一昨日だったか、夜NHKを見ていたら「コンテナを開ける」という内容の番組が流れ始めた。
コンテナは貨物船(←って、今はあまり言わないのか?)で、ヨーロッパから、中国から、韓国から、運ばれているようだった。
もちろんそれだけでなく、世界中から来たり行ったりしているのだろう。
それを見ているうちに頭に浮かんだのは、船でなく貨物列車のことだった。
以前にも書いたことがあるが、子どものころ、飛鳥山の線路側の斜面に座って、よく下を眺めたものだった。
通っていくのは乗客の乗った普通の電車が主だったが、子ども心が待ち構える貨物列車も少なくなかった。

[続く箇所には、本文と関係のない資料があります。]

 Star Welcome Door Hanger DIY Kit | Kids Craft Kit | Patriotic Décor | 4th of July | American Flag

そして、ほとんどの貨物列車は普通の電車より遥かに連結車両が長かった。
ガタンゴトンとリズムよく、大きかったりやや小さかったり形も異なったり、様々な貨車をつなぎ合わせて、こちらの気持ちを高揚させるように通過音を響かせながら走り去っていくのだった。
テレビでやっていたような一律のコンテナばかりでなく、荷台をつなげたような、石炭とかをそのまま積んだ「モロ出し」の車両などもあった(と思う)。

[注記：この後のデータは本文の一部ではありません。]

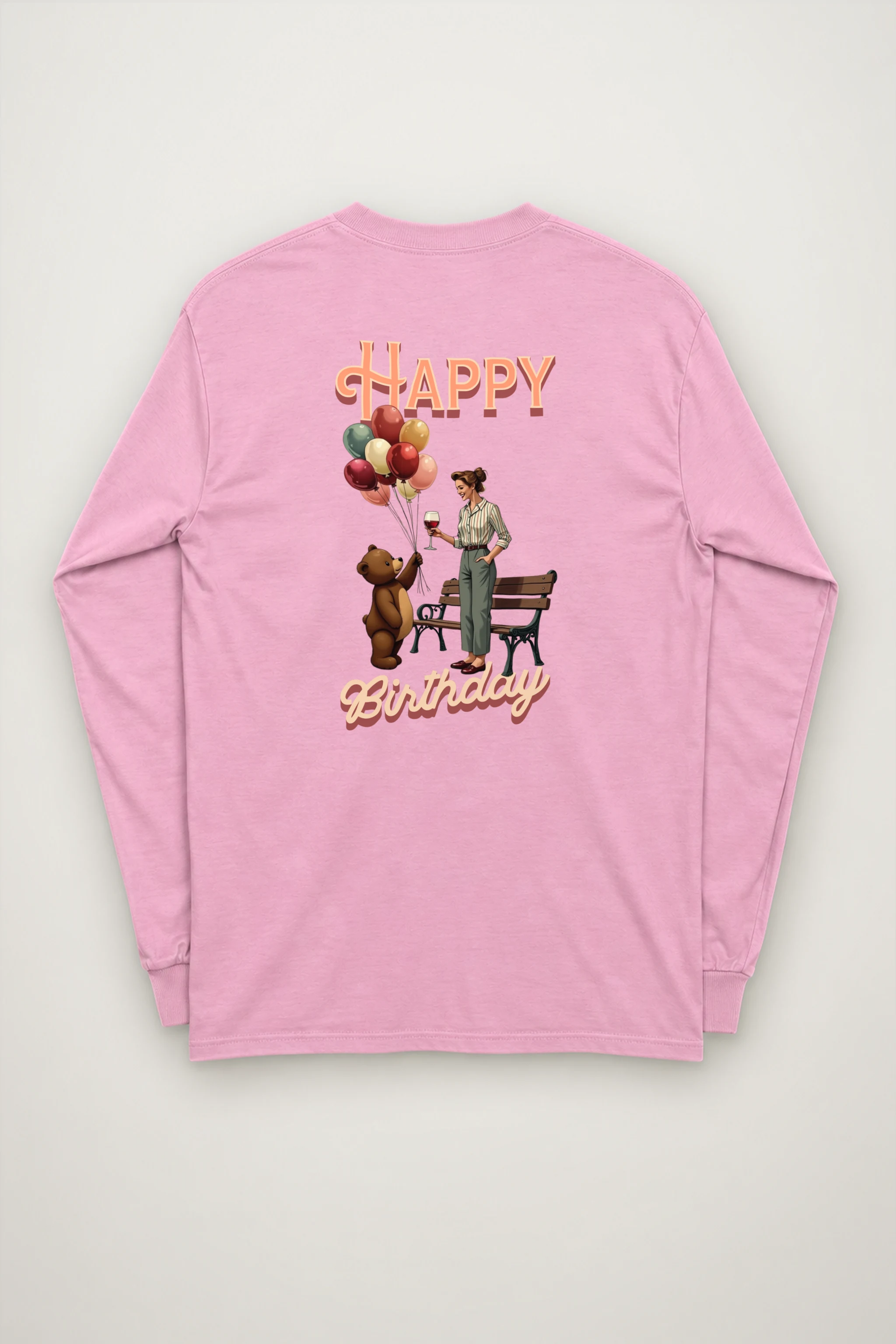 "Happy Birthday Bear" Unisex Longsleeve T-shirt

春先、北の方からやって来たのだろう、東京では季節の合わない雪をかぶった車両もあった。
すると、まだ行ったことのない「北の国」の景色がぼんやりと、いや鮮やかに広がっていくのだった。
そうそう、この↑写真のように全体が黒っぽい感じの車両が目立つものも多かった。
この写真は昭和50年代に撮られたもののようだから、自分が飛鳥山から見下ろしていたのは、これより20年ぐらいは前のことだった。

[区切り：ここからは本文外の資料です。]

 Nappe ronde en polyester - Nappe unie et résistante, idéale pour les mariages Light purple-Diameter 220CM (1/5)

1台2台・・・40、50……と繋がった貨車の数を声を出して数えたものだった。
100を超えたものもあった(と思う)。
そんな長い列車の最後の一両は、必ずと言ってよいほど、車掌さんが乗っているのだろう、乗客の乗る車両をごく小さくしたような独特のものだった。
↑これ、これでした。
これが「少年・自分」の憧れだった。
これが最後にやってくる頃が、自分の心が最大に広がる瞬間だった。
いや、瞬間、よりはもう少し長かった。
この車両が出現して消え去るまで、自分は小さなストーリーの登場人物、いや主人公になっているのだった。
この車両に乗り込んで、日本中を旅する人物の物語。
一般的な乗客の乗る普通列車ではなく、貨物列車の一番後ろのこの車両には車掌さん一人しか乗ってはいなく、
「何かの特別の事情」で乗せてもらった主人公には、絶対にここならではの出来事が待ち受けているのであった。
一瞬、ではなくもうちょっとは長かったとはいえ、物語は「展開」するほどの時間的余裕がなく、尻切れトンボになってしまうのだったが、
なに、それからのお話はまた次の貨物列車が来れば続けられるのだった。
昔とはいえ、それほど続けざまに長い貨物列車は来なかったが、斜面の上の方に座っている少年は飽きもせず辛抱強く、
いや「辛抱強く」ではないな、「気まま」に待ち続けるのだった。
飛鳥山に居たのは、結局どのぐらいの時間になったのか、一人だったのか、それとも他に誰か仲間がいたのか、
もうそんなことは思い出せもしないが、
あの飛鳥山で貨物列車を見下ろしていた自分自身の心の内を、懐かしむことだけは今でもできる。